**AIM OF THE EXERCISE**
With the exception of the pictures, transcribe the entire listing exactly.

**STORED DATA**

━━━━━━━━━━━━━━━━━━━━━━━━━━━━━━

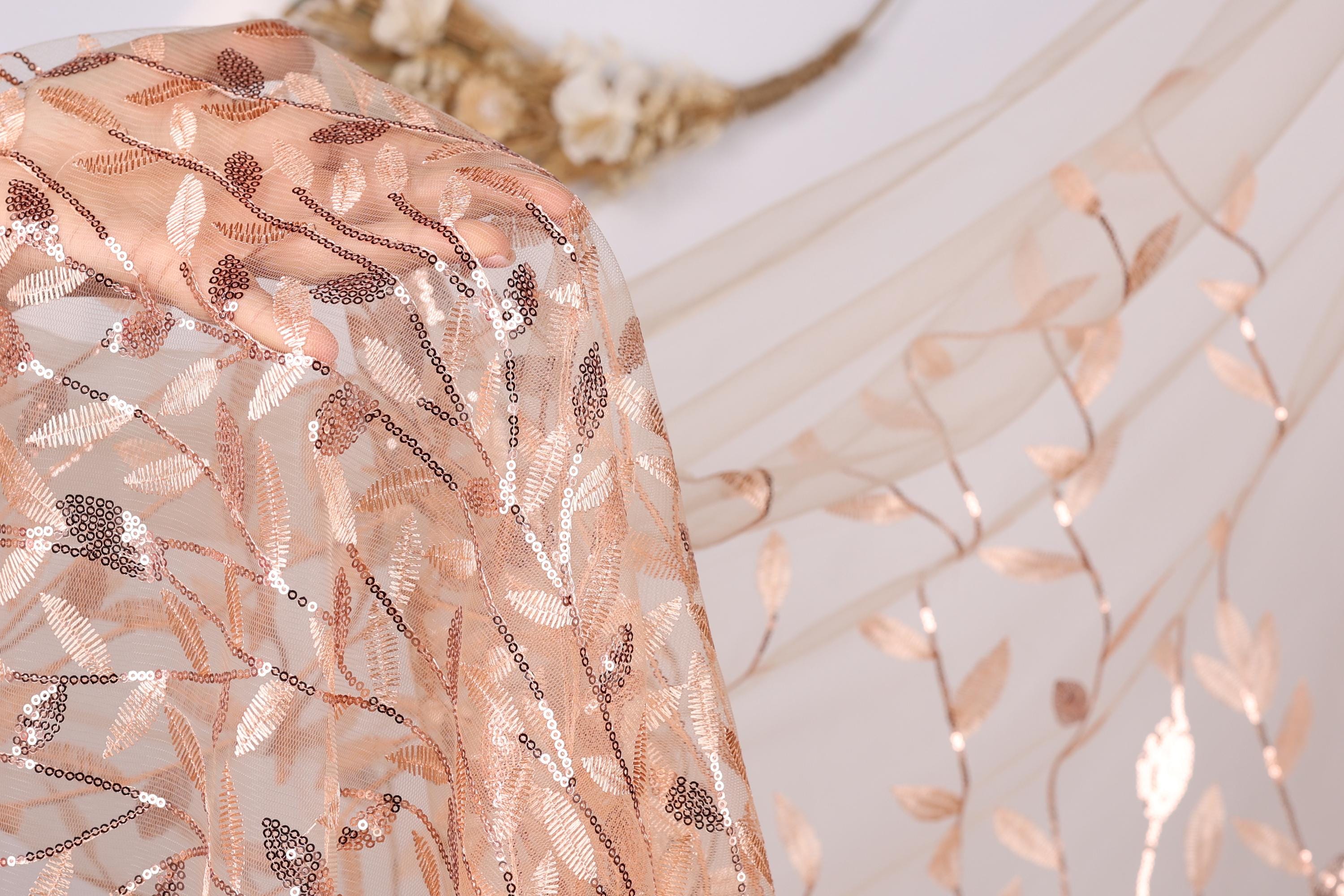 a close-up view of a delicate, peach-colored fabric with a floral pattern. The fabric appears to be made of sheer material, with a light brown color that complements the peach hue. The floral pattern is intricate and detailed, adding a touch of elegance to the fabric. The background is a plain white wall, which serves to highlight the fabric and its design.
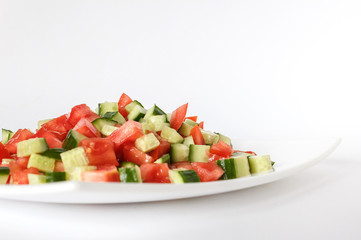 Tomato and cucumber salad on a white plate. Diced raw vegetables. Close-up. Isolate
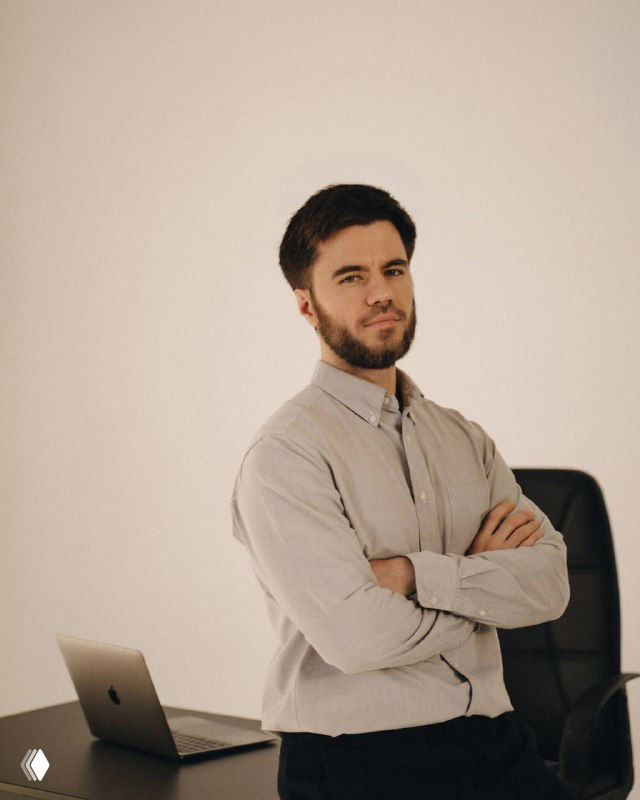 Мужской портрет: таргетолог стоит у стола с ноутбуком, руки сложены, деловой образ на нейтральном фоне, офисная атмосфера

━━━━━━━━━━━━━━━━━━━━━━━━━━━━━━

**YOUR SOLUTION**
 a close-up view of a delicate, peach-colored fabric with a floral pattern. The fabric appears to be made of sheer material, with a light brown color that complements the peach hue. The floral pattern is intricate and detailed, adding a touch of elegance to the fabric. The background is a plain white wall, which serves to highlight the fabric and its design.
 Tomato and cucumber salad on a white plate. Diced raw vegetables. Close-up. Isolate
 Мужской портрет: таргетолог стоит у стола с ноутбуком, руки сложены, деловой образ на нейтральном фоне, офисная атмосфера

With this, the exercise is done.